Originally published November 2011

Keywords: SEC, disclosure, cyber security, public companies

In light of the increased dependence on digital technologies by public companies and the increasing frequency and severity of cyber incidents, the Division of Corporation Finance of the Securities and Exchange Commission (the "SEC") issued guidance on October 13, 2011, regarding the disclosure obligations of public companies relating to cybersecurity risks and cyber incidents. In preparing its guidance, the SEC Staff tried to balance the disclosure obligations of public companies against the potential for detailed disclosures to compromise cybersecurity efforts by providing a roadmap for those seeking to infiltrate a public company's network security.

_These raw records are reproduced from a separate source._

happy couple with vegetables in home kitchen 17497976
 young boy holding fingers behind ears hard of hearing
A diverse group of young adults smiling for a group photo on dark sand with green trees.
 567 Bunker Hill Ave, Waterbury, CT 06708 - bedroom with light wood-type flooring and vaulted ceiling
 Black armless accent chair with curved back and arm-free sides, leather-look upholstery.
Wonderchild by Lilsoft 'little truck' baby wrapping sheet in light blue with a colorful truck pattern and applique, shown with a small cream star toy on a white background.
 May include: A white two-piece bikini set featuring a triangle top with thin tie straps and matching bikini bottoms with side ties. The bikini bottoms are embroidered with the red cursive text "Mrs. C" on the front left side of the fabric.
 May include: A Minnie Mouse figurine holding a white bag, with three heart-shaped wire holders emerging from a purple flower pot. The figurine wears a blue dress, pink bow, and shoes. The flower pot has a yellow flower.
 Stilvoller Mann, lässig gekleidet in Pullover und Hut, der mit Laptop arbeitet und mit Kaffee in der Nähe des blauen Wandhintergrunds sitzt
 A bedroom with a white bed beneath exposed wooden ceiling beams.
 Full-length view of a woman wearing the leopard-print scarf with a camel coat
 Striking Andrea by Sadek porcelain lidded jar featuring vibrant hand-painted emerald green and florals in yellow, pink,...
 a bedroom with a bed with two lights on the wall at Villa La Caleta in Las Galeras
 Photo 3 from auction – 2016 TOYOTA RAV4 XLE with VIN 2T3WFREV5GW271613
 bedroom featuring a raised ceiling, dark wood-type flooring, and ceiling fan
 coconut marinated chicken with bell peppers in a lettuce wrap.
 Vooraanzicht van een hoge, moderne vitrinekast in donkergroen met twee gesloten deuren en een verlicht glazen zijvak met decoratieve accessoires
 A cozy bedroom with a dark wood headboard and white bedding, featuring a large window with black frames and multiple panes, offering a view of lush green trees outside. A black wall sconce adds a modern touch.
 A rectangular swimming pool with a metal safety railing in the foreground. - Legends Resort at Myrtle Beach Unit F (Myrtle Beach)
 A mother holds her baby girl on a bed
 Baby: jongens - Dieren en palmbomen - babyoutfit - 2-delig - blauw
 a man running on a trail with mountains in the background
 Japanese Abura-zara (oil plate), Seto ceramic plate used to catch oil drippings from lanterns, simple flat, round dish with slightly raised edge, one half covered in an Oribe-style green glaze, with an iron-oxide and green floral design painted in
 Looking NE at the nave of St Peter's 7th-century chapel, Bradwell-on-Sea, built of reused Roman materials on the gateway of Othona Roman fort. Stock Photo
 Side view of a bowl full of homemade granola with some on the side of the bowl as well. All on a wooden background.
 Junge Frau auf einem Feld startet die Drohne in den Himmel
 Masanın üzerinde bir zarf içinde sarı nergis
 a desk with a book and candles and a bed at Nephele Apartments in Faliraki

CF Disclosure Guidance: Topic No. 2

Rather than creating new disclosure requirements, the guidance describes how existing requirements should be interpreted and includes some examples for consideration. Although not intended to be exhaustive, the SEC guidance focused on the following six disclosure areas.

RISK FACTORS

Issues for public companies to consider when determining whether risk factor disclosure should be made, include the frequency and severity of prior cybersecurity incidents, the likelihood of future such incidents and the quantitative and qualitative magnitude of any incidents, including the potential costs and other consequences resulting from misappropriation of assets or sensitive information, corruption of data or operational disruption. Public companies should also consider the adequacy of their preventative actions taken – particularly in the context of the industries in which they operate.

The SEC Staff noted that, in particular circumstances, disclosures may need to include a description of

  • Aspects of the business that give rise to material cybersecurity risks and the potential costs and consequences;
  • Cyber incidents experienced by the public company, including a description of the costs and other consequences;
  • The risks related to cyber incidents that may remain undetected for an extended period; and
  • Relevant insurance coverage.

MANAGEMENT'S DISCUSSION AND ANALYSIS OF FINANCIAL CONDITION AND RESULTS OF OPERATIONS

The SEC Staff stated that public companies "should address cybersecurity risks and cyber incidents in this MD&A if the costs or other consequences associated with one or more known incidents or other risk of potential incidents represent a material event, trend or uncertainty that is reasonably likely to have a material effect on the [public company's] results of operation, liquidity or financial condition or would cause reported financial information not to be necessarily indicative of future operating results or financial condition."

DESCRIPTION OF BUSINESS

A public company should provide disclosure in its "Business" discussion if one or more cyber incidents materially affected its products, services, customer or supplier relationships or competitive conditions – either with respect to the company as a whole or one of its material reportable segments.

LEGAL PROCEEDINGS

If a public company has been sued as a result of a cyber incident, it may need to disclose the litigation in its "Legal Proceedings" discussion. This disclosure would include the name of the court in which the proceedings are pending, the date the litigation was instituted, the principal parties and a description of the factual basis alleged to underlie the proceeding and the relief sought.

FINANCIAL STATEMENTS

The SEC Staff highlighted several accounting requirements that may be applicable.

If a public company incurs substantial costs related to internal use software to prevent cyber incidents, the capitalization of these costs is addressed by Accounting Standards Codifications ("ASC") Topic 350-40, Internal-Use Software.

If a public company provides incentives to customers to mitigate damages from a cyber incident, the recognition, measurement and classification of these incentives is addressed by ASC Topic 605-50, Customer Payments and Incentives.

If a public company might experience losses resulting from asserted and unasserted claims due to a cyber incident – including claims relating to warranties, breach of contract, product recall and replacement and indemnification – the recognition of liabilities and other required disclosures is addressed by ASC Topic 450-20, Loss Contingencies.

In the event of a cyber incident, a public company must consider whether certain assets – including goodwill, customer-related intangible assets, trademarks, patents, capitalized software, inventory or other long-lived assets associated with hardware or software, have been impaired. If they have been impaired, the disclosures surrounding any risk or uncertainty of a reasonably probable near-term change in the estimates used in the impairment analysis is addressed by ASC Topic 275-10, Risks and Uncertainties.

If a cyber incident is discovered after a balance sheet date but before the financial statements for that period have been issued, whether disclosure of the event as a subsequent event is required is addressed by ASC Topic 855-10, Subsequent Events.

DISCLOSURE CONTROLS AND PROCEDURES

If a cyber incident poses a risk to a public company's ability to record, process, summarize and report information that is required to be disclosed in filings made with the SEC, management must consider whether there are any deficiencies in the company's disclosure controls and procedures that would render those disclosure controls and procedures ineffective, and, if they are ineffective, provide the additional disclosures the SEC rules by such a conclusion.

Implications of the Disclosure Guidance

As a result of the SEC Staff's disclosure guidance, public companies should reassess the adequacy of their disclosures concerning cybersecurity risks and cyber incidents. This should not be a one time review, but should be made a part of the regular disclosure process so that evolving circumstances are appropriately and timely reflected in the disclosures made in filings with the SEC.